Ich denke, es nimmt sich mit ausreichender Übung nicht viel, ob man nun mit Tastatur+Maus oder nem PS3-Controller spielt. Das einzige, wofür ich Maus/Tastatur bevorzuge, sind Strategiespiele.
Aber für alles andere bevorzuge ich eigentlich den PS3-Controller, auch für Shooter.
Allerdings sind insbesondere Rennspiele, Jump and Runs, Action Adventures und andere auf Konsolen meist doch komfortabler.

Deshalb mach ich das so: Multiplattformtitel wie CoD, BF und Co hol ich mir grundsätzlich auf der PS3 und PC-exklusive Titel dann halt auf dem PC, wobei es da für mich eigentlich nichts interessantes mehr gibt, weshalb ich mir Anfang September erst eine PS3 gekauft hab.


----------



## Mick Jogger (24. November 2009)

Also ich vertrau in meinen PC

+Gute Grafik 
+Mods (Grafikmods)
+Mehr Spiele


-Manchmal schlechte Portierung von Konsolenspielen auf den PC
- Manchmal Konsolen exklusiv (Gears of War 1/2)


----------



## Altair94 (24. November 2009)

Letzten Endes kommt es ganz auf einen selbst an... SW-The Force Unleashed würde ich mir für 
PS3 kaufen (sofern ich eine besäße), aber DA wiederum für PC.


----------



## Singlecoreplayer2500+ (24. November 2009)

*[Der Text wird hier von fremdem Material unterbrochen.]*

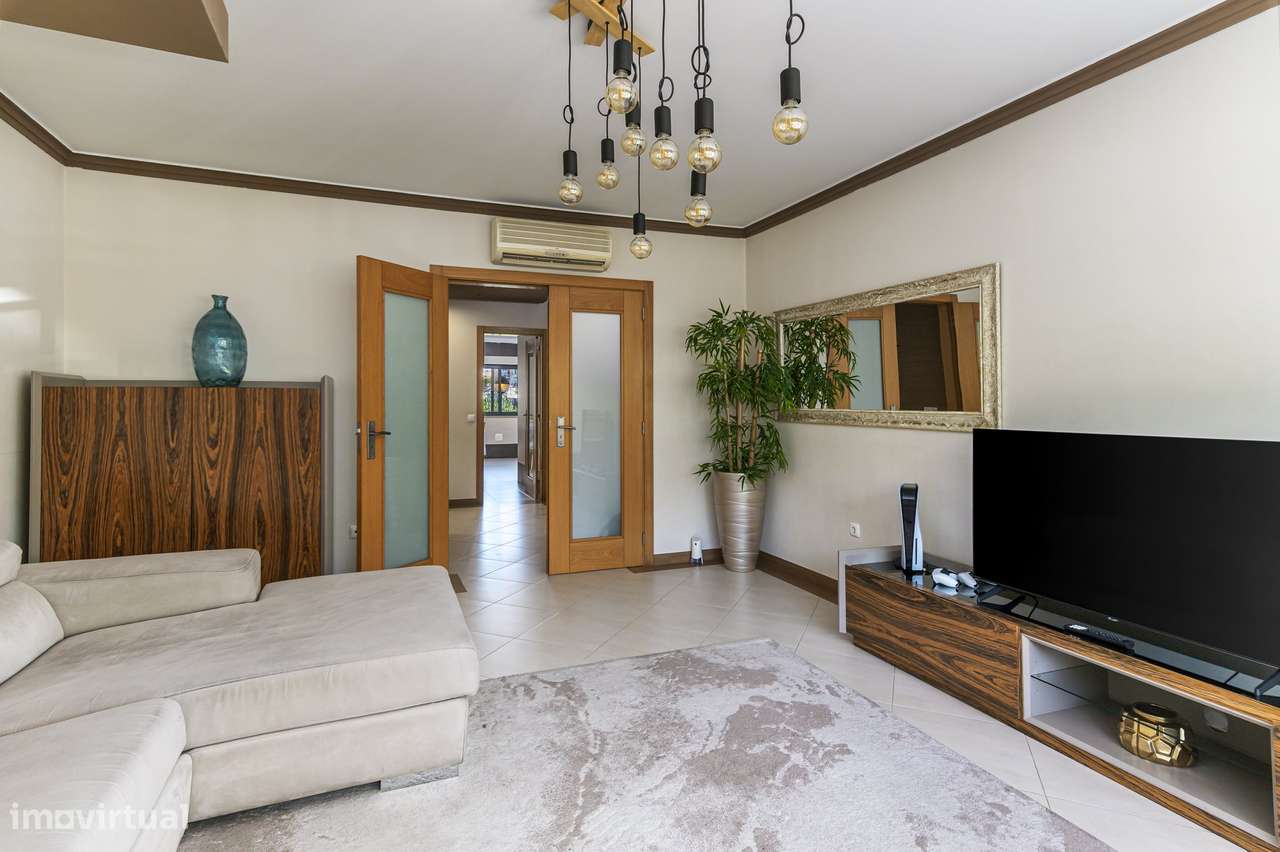 Montijo - T3 com Parqueamento e Arrecadação | Excelente Localização - Grande imagem: 5/33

Habe auch beides und musste umgekehrt lernen, von Tastatur und Maus zum Pad, Hölle war das !!
CoD4 und Bioshock auf der PS3 gezockt. Mir blieb nix anderes übrig da ich bis Juli nur nen Einkerner hatte aber seitdem wieder alle Shotter auf PC und die PS3 ist wieder nur DVD/Bluerayplayer.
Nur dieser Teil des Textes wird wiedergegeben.